Sprawa dotyczy Stevena Defoura – piłkarza Standardu Liège w latach 2006-2011, obecnie grającego w barwach Anderlechtu. Należy podkreślić, że między kibicami obu drużyn panują wrogie relacje, więc przenosiny pomocnika z Porto do stolicy Belgii bardzo rozzłościły sympatyków „Czerwonych” (CZYTAJ: http://transfery.info/73156,steven-defour-i-jego-niemile-spotkanie-z-kibicami-standardu-wideo).
Pięcioletni zakaz dla belgijskich kibiców?!
Podczas niedzielnego ligowego meczu między Standardem Liège i Anderlechtem Bruksela (2:0) kibice gospodarzy wywiesili baner, za który teraz przyjdzie im słono zapłacić.

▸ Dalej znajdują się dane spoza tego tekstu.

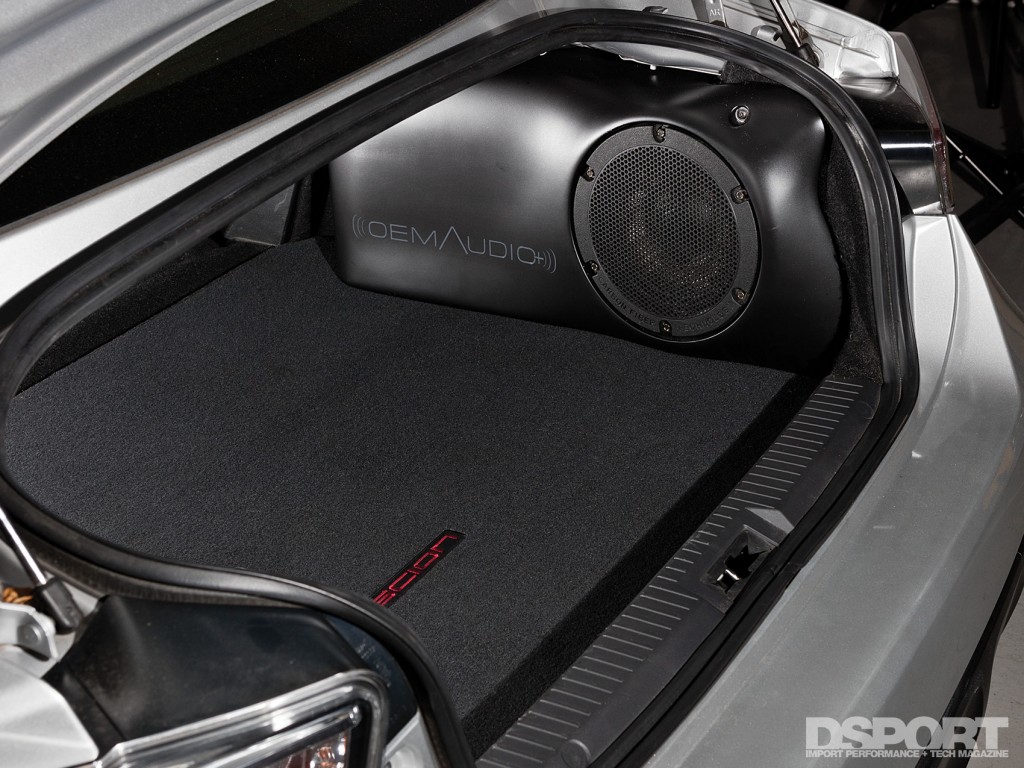The trunk of the FR-S with OEM Audio+ sound system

Przed spotkaniem kibice Standardu zaprezentowali „sektorówkę”, na której widniał napis „Czerwony albo martwy”. Obok hasła znajdował się zamaskowany morderca, trzymający w jednej ręce maczetę, a w drugiej obciętą głowę Defoura.
Władze belgijskie i krajowa federacja piłki nożnej rozpoczęły działania mające na celu ukaranie fanatyków Standardu Liège. Baner spowodował oburzenie Ministerstwa Spraw Wewnętrznych, które rozważa sankcje obejmujące nawet pięcioletni zakaz stadionowy oraz grzywnę w wysokości pięciu tysięcy euro dla każdego kibica, który był zaangażowany w akcję.

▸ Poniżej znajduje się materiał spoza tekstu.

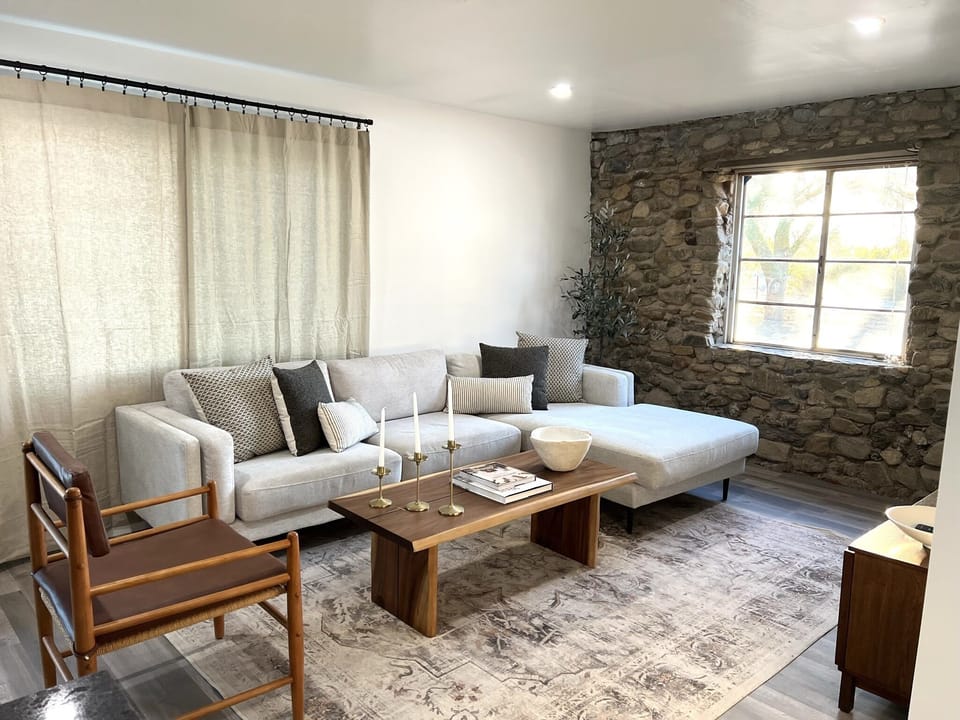 Updated modern living room with the original 1920’s rock wall.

– Pracujemy razem z policją aby złapać wszystkich autorów tego baneru – stwierdziła rzeczniczka Ministerstwa Spraw Wewnętrznych.
Wicepremier Didier Reynders określił baner jako „bez smaku, głupi i nie do przyjęcia”. W podobnym tonie wypowiedział się Yves Leterme, były szef rządu, a prywatnie kibic Standardu.
„Mecz został zniszczony przez miejscowych fanów. Pozostaję kibicem, ale wstydzę się przez ten baner.” – napisał na Twitterze.